9th October 2009 at 01:00
Jane Hannah, the first headteacher of the new Windygoul Primary in Tranent, died of leukaemia at her home in Edinburgh, aged 56, on August 30

Jane was born in Falkirk and attended Bonnybridge Primary and Denny High in Stirlingshire. She went on to take her teaching diploma at Callander Park College in Falkirk and took up her first teaching post at Ballingry Primary in Fife.

She never married but always remained close to her family, including her mother Jessie, bother George and nephews Neil, Robert and Angus.

Jane was very fond of the arts, especially cinema, and was a great reader and traveller. Soon after qualifying, Jane took up several posts abroad. In the late 1970s, she moved to Germany to teach children of the British Forces, and in the early 1980s, she moved to Australia for a year as part of a teacher exchange programme.

Jane worked in East Lothian for many years and was headteacher of Tranent Infant School for many years. While there, she was deeply committed to the setting up of the first additional support needs base. She was extremely focused in her efforts to co-ordinate all the agencies concerned with the positive development of individual pupils.

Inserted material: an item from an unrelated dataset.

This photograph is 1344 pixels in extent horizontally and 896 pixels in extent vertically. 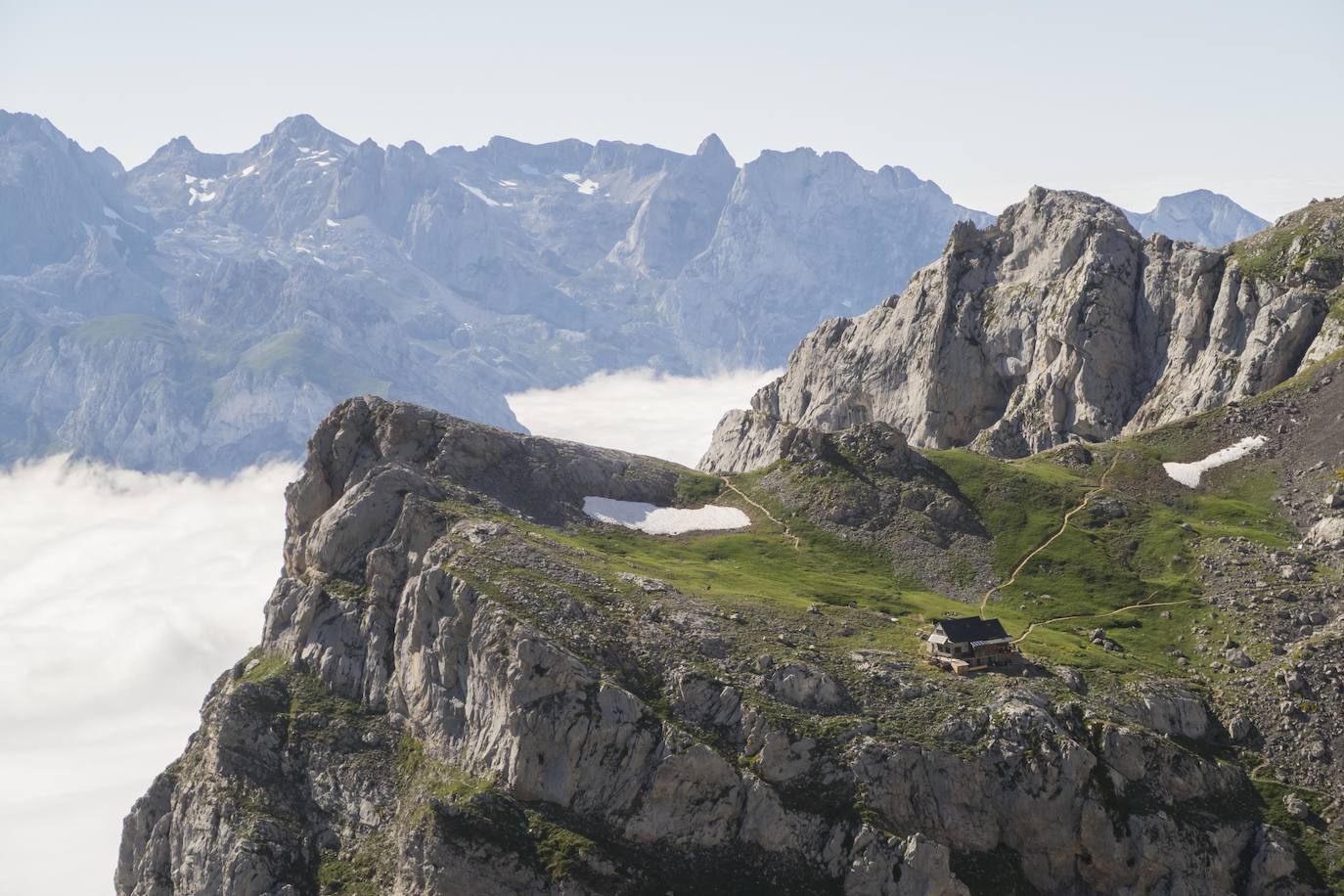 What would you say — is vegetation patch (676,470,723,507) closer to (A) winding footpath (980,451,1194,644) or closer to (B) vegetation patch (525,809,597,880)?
(A) winding footpath (980,451,1194,644)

She was a keen supporter and promoter of structured play (now acknowledged as the foundation of active learning). This forms part of her lasting legacy, as does the planning and design of the new eco-friendly Windygoul Primary, which was opened in November 2007 by the First Minister, Alex Salmond. Sadly, Jane was only a year into her post as head-teacher at Windygoul Primary when ill-health struck.

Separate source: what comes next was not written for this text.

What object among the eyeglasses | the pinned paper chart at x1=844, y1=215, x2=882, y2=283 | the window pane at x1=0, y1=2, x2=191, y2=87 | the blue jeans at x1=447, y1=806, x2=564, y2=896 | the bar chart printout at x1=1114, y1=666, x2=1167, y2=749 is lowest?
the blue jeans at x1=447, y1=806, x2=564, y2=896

She was well known in the Tranent community and was held in high regard by colleagues, parents and pupils. She was someone who expected work of the highest standard.

However the person from whom she expected the most was herself. She would work tirelessly into the night so that every detail was in place to ensure that her staff could perform to the highest standard.

One long-time colleague and friend of Jane Hannah said that teaching was Jane's true and natural vocation. "Her dedication, expertise and tireless pursuit of excellence in education put her head and shoulders above others in her profession.

"Jane was a woman before her time and it is only now that the educational establishment is catching up with her innovative thinking and inspirational ideas. The new Curriculum for Excellence has recently outlined ideas and procedures that she had in place years ago."